What’s up with these bars now?
The Belarus spot, unfortunately, had to shut down. That place had a bunch of problems. The biggie was the people who invested in it. One of them has quit completely and the other went full dictator mode – always paranoid, trying to accuse someone of stealing or some shady business.
But the thing is, he just couldn’t face facts. The country was completely f*cked, in a total economic and social crisis like a neverending downward spiral of nothing but revenue drop, falling profits, the fall of everything, basically.
That’s 50% of the story of why we’ve closed the Minsk-based bar. The other 50%? The war, of course. Paying taxes to a country that backed the invasion of Ukraine? This thought alone could drive me crazy. Our team wanted to keep things running a bit longer, which I get. I’m sorry if they were relying on this job, but it was the only possible decision.
The Kyiv bar still works, chugging along at zero profit. But it pays salaries and raises funds for the Ukrainian army. That’s a big win. We were about to close ‘Karma Kyiv’ a few times and I was thinking about giving up on it myself. But our team, especially our partner Sasha Gaikovich, held down the fort in Kyiv, almost solo. Without those people, nothing would’ve happened. And now ‘Karma Kyiv’ looks exactly how we envisioned it originally.
The bars in Warsaw and Gdansk are up and running, as you can see.
We heard there are franchises and projects that operate both in Belarus and abroad since the war started. Can you tell us about that?
Well, our emigrant community kinda splits when it comes to the new businesses emerging. There are those tied to Belarus only emotionally and those who still have business there. And that brings up a pretty big ethical dilemma. Some want to keep their businesses going in Belarus, no matter how tough things are now. But they don’t actually want to live there. They want a calm easy life somewhere else.
And here’s the kicker – so you think you can pay taxes in the aggressor state, do your business “legally” there, and still live it up in Poland? How ethical is it to run a business in an occupied country and enjoy life in free Europe?

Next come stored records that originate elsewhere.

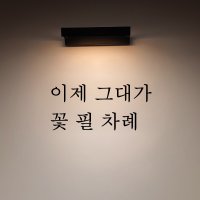 응원 문구 글귀 레터링 스티커 - 이제 그대가 꽃 필 차례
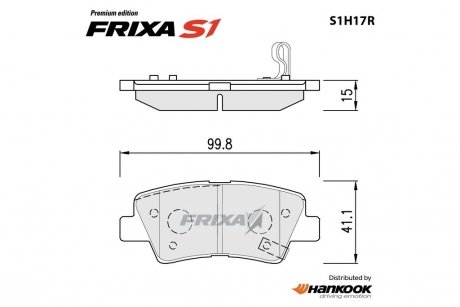 Колодки гальмівні задні Hyundai Tucson (06-) (металокерамічні) (SP1239) FRIXA Hankook S1H17R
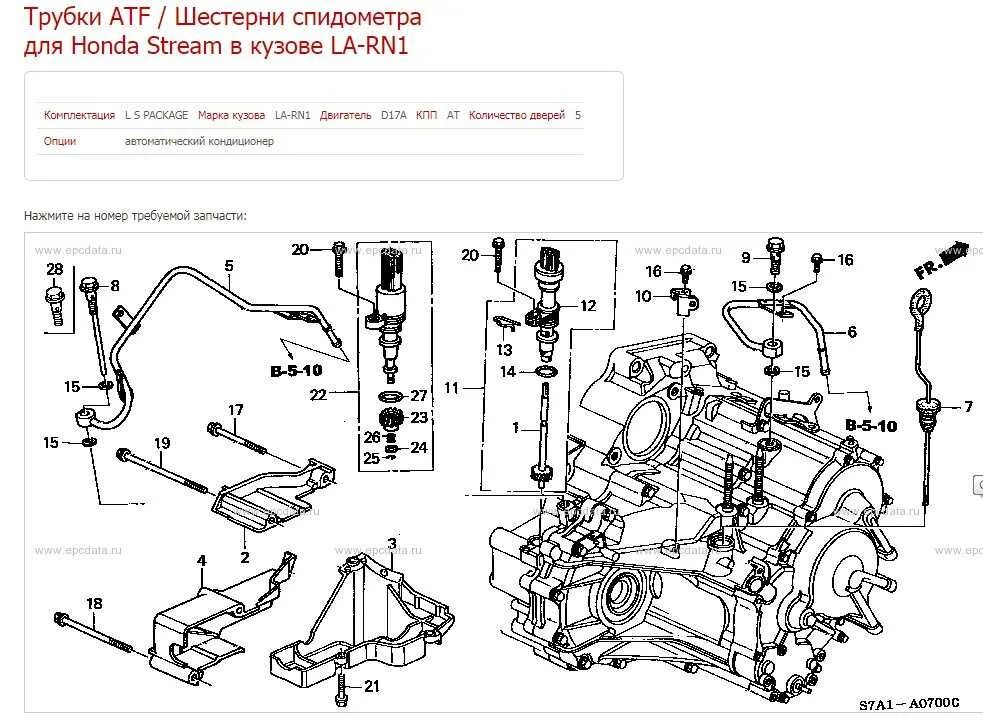 Honda civic схема. Схема двигателя Honda Civic 4d. Схема двигателя Хонда Цивик 4д 1.8. Схема АКПП Хонда стрим 2006. Схема АКПП Хонда стрим 2006 название датчиков.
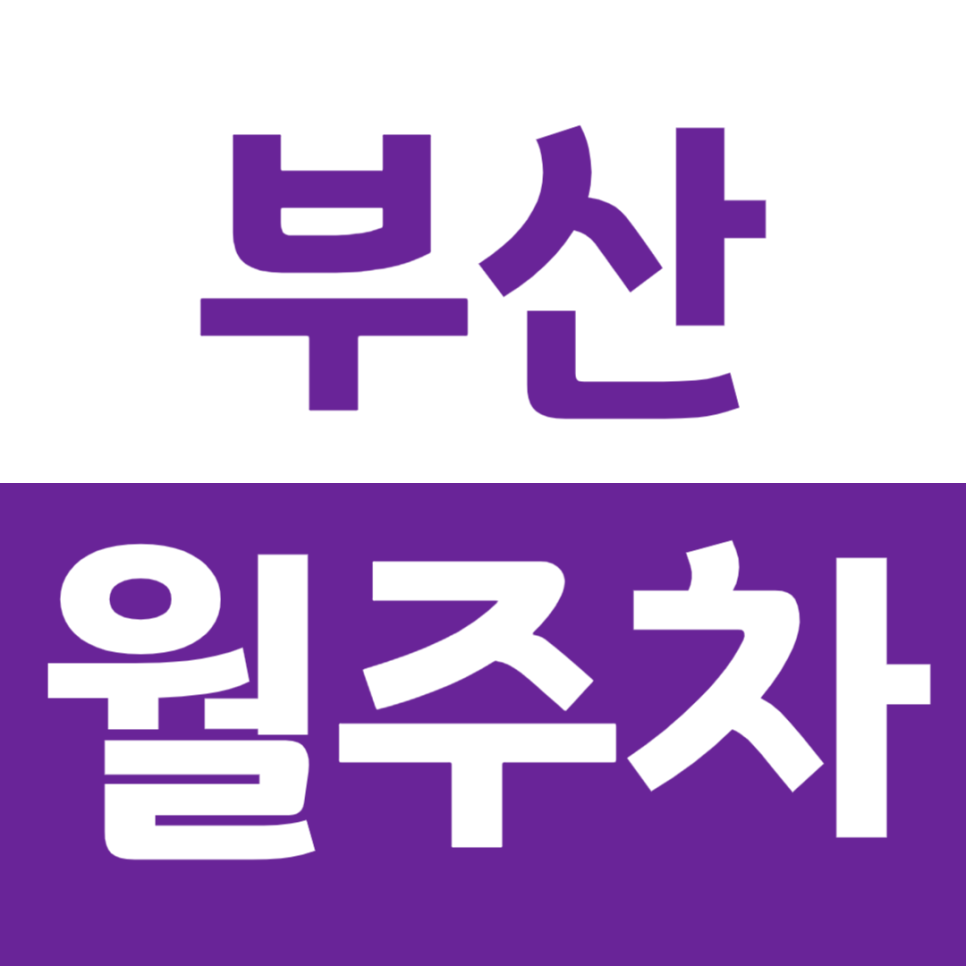 부산 월주차 물만골역 인근 주차장을 이용하는 방법 대표 이미지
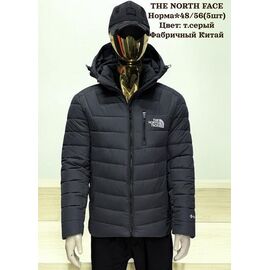 Куртка чоловіча зимова H826 d.grey р.48-56 "Hai" недорого оптом від прямого постачальника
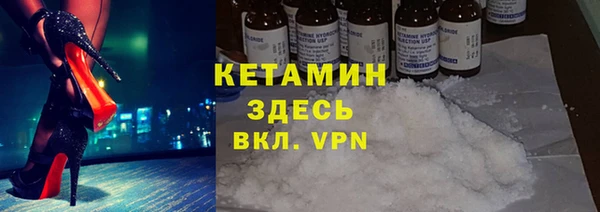 марки lsd Каменка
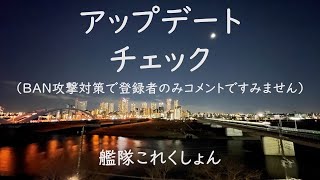 アップデートチェック:艦これゲーム配信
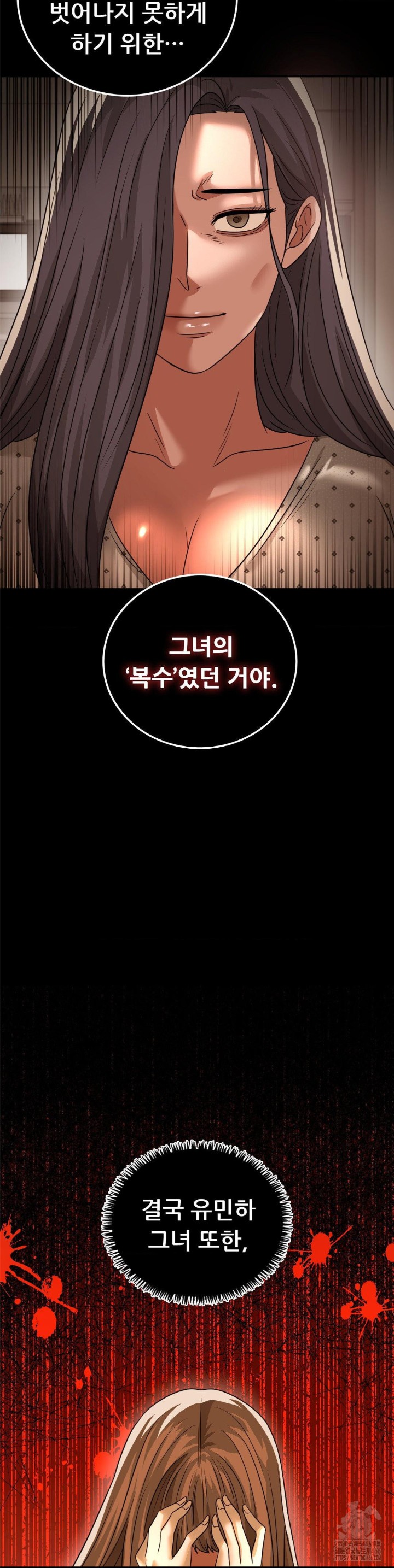 Stepmother’s Past Raw Chapter 41 image 16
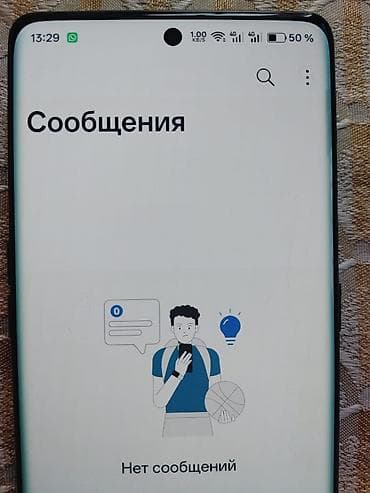 стиральная машина б: Oppo Find X6 Pro, Б/у, 256 ГБ, цвет - Черный, 2 SIM — 3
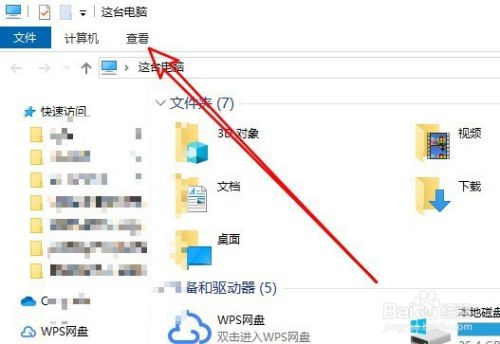 win10打开多个文件夹时出现卡顿怎么办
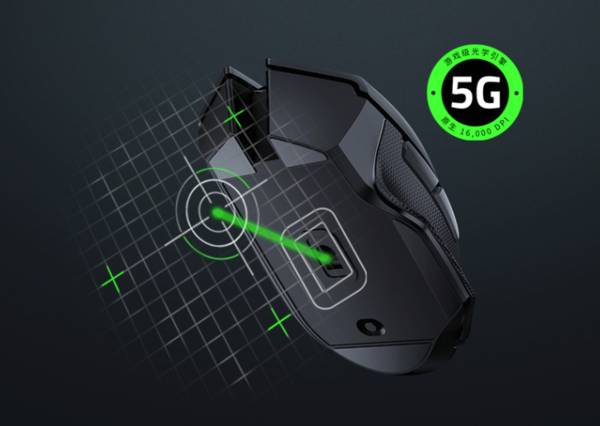 RAZER 雷蛇 巴塞利斯蛇 X 极速版 2.4G/蓝牙双模 无线鼠标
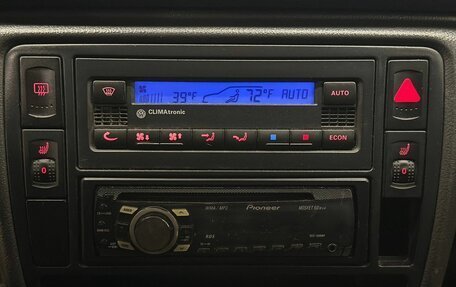 Volkswagen Passat B5+ рестайлинг, 2004 год, 479 900 рублей, 9 фотография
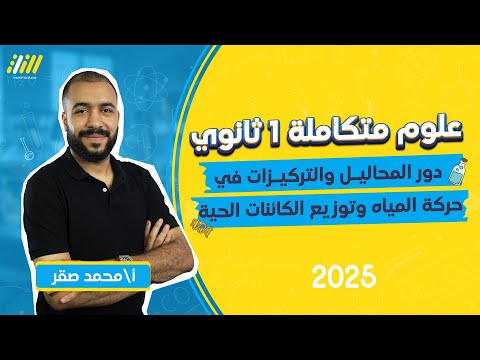 دور المحاليل والتركيزات في حركه المياه | علوم متكامله اولي ثانوي  2025 | مستر محمد صقر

Looks like an attempt to sit on both chairs. But the thing is that it’s impossible. You gotta make a choice either to stay and do business in Belarus or move to Poland and shut down your business in Belarus.
This isn’t just my personal opinion, it’s the team’s and the wider Karma community’s stance. Ask any Ukrainian who hangs out in our bar. Their response might be less polite. I can’t really say anything to those who’ve stayed put in Belarus. But if you decide to move, then please move. Even McDonald’s packed up and left the place.
My homeland is basically in the clutches of fascists – fighter jets taking off, missiles flying, troops invading. Meanwhile, you can still run your business in that country, hit up parties, and dine in swanky restaurants. Live somewhere else where there’s no political persecution and war while passively supporting the murderous regime that involved the country in the war and takes its people captive. Do I get this right?
Honestly, it’s super irresponsible to back the regime but pretend you don’t. That’s simply about dodging responsibility and that’s not gonna work. Today, everyone needs to have a thought-out stance and valid arguments. Such projects will just fizzle out in the long run. A product that’s missing an emotional spark can’t really compete in the market, especially in the bar scene.
I get it, there are reasons for staying in Belarus: founders, debts, staff. But if you’re puffing cigars and sipping martinis here, in Warsaw, while earning money and paying taxes there, in Belarus, then what’s the point?
Any entertainment thing in Russia and Belarus now legitimizes those bloody regimes.